The present study is a continuation to the aforementioned efforts. It
deals with mineralogy, geochemistry and environmental geochemistry of the
Egyptian phosphorites, phosphatic fertilizers, agricultural soils and mudbrick
samples, to evaluate their content of environment-toxic elements and discuss
the environmental impact of application of phosphorites and their fertilizers in
accumulation of toxic metals in agricultural soil. The results of the study
conclude in the following sentences.
1- Petrographically, the Upper Cretaceous phosphorite, at the main
productive localities (Red Sea, Nile Valley and Abu Tartur),
composed: phosphatic grains, non-phosphatic grains, and cements.

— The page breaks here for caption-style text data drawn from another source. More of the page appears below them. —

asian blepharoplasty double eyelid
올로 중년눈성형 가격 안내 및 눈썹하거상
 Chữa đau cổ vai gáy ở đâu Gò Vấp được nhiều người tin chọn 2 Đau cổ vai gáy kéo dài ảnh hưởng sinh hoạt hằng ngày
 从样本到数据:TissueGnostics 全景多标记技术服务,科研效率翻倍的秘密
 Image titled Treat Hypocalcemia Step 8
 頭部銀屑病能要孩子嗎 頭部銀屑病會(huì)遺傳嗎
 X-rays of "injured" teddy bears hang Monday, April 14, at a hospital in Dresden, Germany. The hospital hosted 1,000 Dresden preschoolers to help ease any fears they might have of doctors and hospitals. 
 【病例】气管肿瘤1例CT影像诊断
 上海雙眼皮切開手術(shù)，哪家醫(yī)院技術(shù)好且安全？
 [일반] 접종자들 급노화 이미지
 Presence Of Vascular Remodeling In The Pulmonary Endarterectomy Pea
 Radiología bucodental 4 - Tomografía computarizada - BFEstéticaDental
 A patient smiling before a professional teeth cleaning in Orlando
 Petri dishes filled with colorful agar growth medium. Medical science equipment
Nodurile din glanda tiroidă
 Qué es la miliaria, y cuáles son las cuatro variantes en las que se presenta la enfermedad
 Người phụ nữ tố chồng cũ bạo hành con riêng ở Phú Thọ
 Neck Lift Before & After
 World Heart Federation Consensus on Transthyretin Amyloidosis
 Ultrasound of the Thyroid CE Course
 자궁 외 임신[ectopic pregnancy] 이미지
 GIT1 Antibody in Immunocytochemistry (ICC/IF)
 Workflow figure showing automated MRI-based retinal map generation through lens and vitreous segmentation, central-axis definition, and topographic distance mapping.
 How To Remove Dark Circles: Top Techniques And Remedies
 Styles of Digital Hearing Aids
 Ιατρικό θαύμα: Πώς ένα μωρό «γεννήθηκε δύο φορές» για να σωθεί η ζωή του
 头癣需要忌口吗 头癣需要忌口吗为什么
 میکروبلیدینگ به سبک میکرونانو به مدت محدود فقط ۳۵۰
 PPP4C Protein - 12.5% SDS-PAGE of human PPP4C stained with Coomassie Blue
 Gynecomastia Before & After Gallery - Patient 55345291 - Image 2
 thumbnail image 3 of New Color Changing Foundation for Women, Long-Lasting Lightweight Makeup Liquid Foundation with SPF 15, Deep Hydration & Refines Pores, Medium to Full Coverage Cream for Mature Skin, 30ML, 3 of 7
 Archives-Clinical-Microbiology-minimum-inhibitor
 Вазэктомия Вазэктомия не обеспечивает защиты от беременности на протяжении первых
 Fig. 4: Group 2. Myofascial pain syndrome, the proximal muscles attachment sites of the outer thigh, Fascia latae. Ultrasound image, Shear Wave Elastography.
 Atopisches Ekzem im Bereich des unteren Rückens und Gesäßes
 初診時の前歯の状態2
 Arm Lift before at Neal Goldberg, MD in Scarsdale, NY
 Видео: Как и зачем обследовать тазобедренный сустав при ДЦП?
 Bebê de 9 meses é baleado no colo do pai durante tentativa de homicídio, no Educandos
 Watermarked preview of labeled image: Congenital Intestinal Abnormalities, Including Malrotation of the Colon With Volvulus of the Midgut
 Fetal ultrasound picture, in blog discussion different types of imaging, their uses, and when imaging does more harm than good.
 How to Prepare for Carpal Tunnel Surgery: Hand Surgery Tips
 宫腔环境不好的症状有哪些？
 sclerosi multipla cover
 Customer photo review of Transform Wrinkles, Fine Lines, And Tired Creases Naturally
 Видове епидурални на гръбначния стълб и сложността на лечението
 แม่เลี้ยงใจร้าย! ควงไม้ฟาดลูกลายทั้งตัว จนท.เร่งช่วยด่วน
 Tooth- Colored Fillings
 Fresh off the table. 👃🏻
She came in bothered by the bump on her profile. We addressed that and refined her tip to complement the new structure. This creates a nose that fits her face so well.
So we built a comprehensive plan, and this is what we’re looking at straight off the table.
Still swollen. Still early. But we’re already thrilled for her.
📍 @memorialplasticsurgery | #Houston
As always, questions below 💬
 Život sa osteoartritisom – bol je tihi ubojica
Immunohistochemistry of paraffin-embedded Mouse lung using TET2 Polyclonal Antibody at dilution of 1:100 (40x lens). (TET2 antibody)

There are two basic types of phosphatic grains observed in the
studied samples; skeletal and diagenetic grains. The non-phosphatic
grains contain quartz, organic matter, ferruginous material and
calcareous biogenic debris such as foraminifera and pelecypod shell
fragments. The intergranular pore-spaces of the Duwi Formation
phosphorites are mostly cemented by silica and carbonate materials.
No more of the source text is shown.